Washington’s move left it isolated as one after another fellow UN Security Council members — Russia, France, the UK, China, Egypt, Jordan and a host of others — condemned the announcement.

The debate unfolded at a largely symbolic emergency meeting of the council — no vote on a resolution was planned, as the US has veto power — two days after Trump reversed two decades of US policy on the holy city.

The meeting was convened by eight of the 14 non-US members of the council. It seemed a vivid show of the discord triggered by Trump’s announcement, which included plans to move the US embassy in Israel from Tel Aviv to Jerusalem.

Asked what he expected to come from the UN meeting, one diplomat said: “Nothing.” Another said the session would show US “isolation” on the issue.

US Ambassador to the United Nations Nikki Haley speaks with Israeli Ambassador to the United Nations Danny Danon before a United Nations Security Council on December 8, 2017 in New York City. (Stephanie Keith/Getty Images/AFP)

Haley said Washington was more committed to peace “than we’ve ever been before — and we believe we might be closer to that goal than ever before.”

Haley said anyone who used Washington’s actions as a pretext for violence was “only showing” they were not partners for peace.

She noted that past Israeli-Palestinian agreements have been signed on the White House lawn, and that if there is a new agreement, there is “a good likelihood” it will be signed there as well, “because the United States has credibility of both sides.”

At the meeting, the UN coordinator for the Middle East peace process warned Security Council members of a risk of “violent escalation.”

Nickolay Mladenov warned that if the Israeli-Palestinian conflict isn’t resolved, “it risks being engulfed in the vortex of religious radicalism throughout the Middle East.”

A Palestinian protestor uses a sling shot to throw stones towards Israeli security forces during clashes after the Friday prayers in the city center of the West Bank town of Hebron on December 8, 2017. (AFP/Hazem Bader)

Mladenov spoke of “a serious risk” of “a chain of unilateral actions” that would push the goal of peace further away. He pointed to the latest clashesbetween Palestinian protesters and Israeli forces and some calls for a new intifada, or uprising.

Mladenov also reiterated Secretary-General Antonio Guterres’s words that the Israeli-Palestinian conflict must be resolved through direct negotiations and that “there is no Plan B to the two-state solution.”

Palestinian envoy Riyad Mansour spoke of the “global consensus” against Washington’s recognition and said Trump’s decision to recognize Jerusalem as Israel’s capital and ultimately move the US embassy there should be reconsidered and rescinded.

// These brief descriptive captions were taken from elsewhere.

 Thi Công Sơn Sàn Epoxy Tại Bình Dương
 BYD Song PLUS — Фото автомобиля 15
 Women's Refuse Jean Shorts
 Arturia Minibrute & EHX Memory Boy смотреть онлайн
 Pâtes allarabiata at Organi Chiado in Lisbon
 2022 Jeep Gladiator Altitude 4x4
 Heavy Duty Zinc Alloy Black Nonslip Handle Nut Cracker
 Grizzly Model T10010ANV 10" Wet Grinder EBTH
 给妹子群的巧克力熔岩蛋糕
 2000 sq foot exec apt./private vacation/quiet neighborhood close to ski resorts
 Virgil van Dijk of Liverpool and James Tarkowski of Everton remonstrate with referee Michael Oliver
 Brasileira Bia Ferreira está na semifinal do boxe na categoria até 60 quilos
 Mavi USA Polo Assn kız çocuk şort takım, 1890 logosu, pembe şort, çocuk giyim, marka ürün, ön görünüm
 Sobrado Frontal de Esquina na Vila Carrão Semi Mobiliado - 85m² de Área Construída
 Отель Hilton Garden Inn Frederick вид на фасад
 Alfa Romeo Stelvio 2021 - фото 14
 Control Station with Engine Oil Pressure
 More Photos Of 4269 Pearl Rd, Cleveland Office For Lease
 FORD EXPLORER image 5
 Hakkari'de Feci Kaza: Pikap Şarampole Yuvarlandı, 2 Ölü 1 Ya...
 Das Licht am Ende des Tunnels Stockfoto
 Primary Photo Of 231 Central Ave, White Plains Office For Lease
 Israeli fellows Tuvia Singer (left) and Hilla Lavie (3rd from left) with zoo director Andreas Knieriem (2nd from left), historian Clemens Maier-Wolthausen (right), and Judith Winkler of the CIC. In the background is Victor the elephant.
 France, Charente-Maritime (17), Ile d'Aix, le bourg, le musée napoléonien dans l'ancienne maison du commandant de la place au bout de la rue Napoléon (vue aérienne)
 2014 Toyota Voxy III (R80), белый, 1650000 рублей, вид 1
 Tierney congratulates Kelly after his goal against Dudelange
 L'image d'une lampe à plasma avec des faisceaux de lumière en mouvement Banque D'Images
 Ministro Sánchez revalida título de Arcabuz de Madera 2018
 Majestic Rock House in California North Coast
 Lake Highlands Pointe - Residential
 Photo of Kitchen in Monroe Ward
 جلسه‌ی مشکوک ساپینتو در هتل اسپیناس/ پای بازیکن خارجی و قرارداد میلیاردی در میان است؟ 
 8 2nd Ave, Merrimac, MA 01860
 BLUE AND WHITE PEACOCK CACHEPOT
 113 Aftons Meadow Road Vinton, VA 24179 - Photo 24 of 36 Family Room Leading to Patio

Palestinian envoy to the UN Riyad Mansour at the UN Security Council, December 8, 2017 (United Nations)

“There can be no just and lasting solution to the Palestine question without a just solution” to Jerusalem, he said, calling the city “the heart of Palestine.”

Israel’s ambassador to the UN Danny Danon told the council the Trump declaration was “a positive step.”

He called on council members to “send a clear message there is never an excuse for violence. Violence must never be used as a threat.”

Israel’s Ambassador to the UN Danny Danon holds up an ancient coin from Jerusalem during his address to the UN Security Council debate on Jerusalem, December 8, 2017 (UN Photo/Eskinder DebebeIsrael)

Danon said the recognition of Jerusalem “should serve as a reality check for the Palestinians and for the nations of the world” that “recognizing Jerusalem as Israel’s capital is a critical and necessary step for peace.”

Danon held up an ancient coin from Jerusalem during his speech, and said that King David made Jerusalem his capital 3,000 years ago.

The British ambassador to the UN, Matthew Rycroft, said flat out that Britain disagreed with Trump’s move.

“These decisions are unhelpful for the prospects for peace in the region,” Rycroft said.

He urged Trump to now come up with detailed proposals for an Israel-Palestinian peace accord, a goal which has eluded the US and the international community for decades.

In a Wednesday address from the White House, Trump defied worldwide warnings and insisted that after repeated failures to achieve peace a new approach was long overdue, describing his decision to recognize Jerusalem as the seat of Israel’s government as merely based on reality.

The move was hailed by Israel’s Prime Minister Benjamin Netanyahu and by leaders across much of the Israeli political spectrum. Trump stressed that he was not specifying the boundaries of Israeli sovereignty in the city, and called for no change in the status quo at the city’s holy sites.

U.S. Still Won’t List Jerusalem as Israel’s Capital on Official Docs, Passports, Maps

December 9, 2017

U.S. Still Won’t List Jerusalem as Israel’s Capital on Official Docs, Passports, Maps, Washington Free Beacon , December 8, 2017

(Does this mean that everything is on-hold until the Palestinian Authority and Israel agree on who owns what in Jerusalem? How can the Amerian Embassy be built in Jerusalem until the matter is resolved? — DM)

The Old City in Jerusalem / Getty Images

“The specific boundaries of Israeli sovereignty in Jerusalem are subject to final status negotiations,” the official said. “The United States is not taking a position on boundaries or borders.”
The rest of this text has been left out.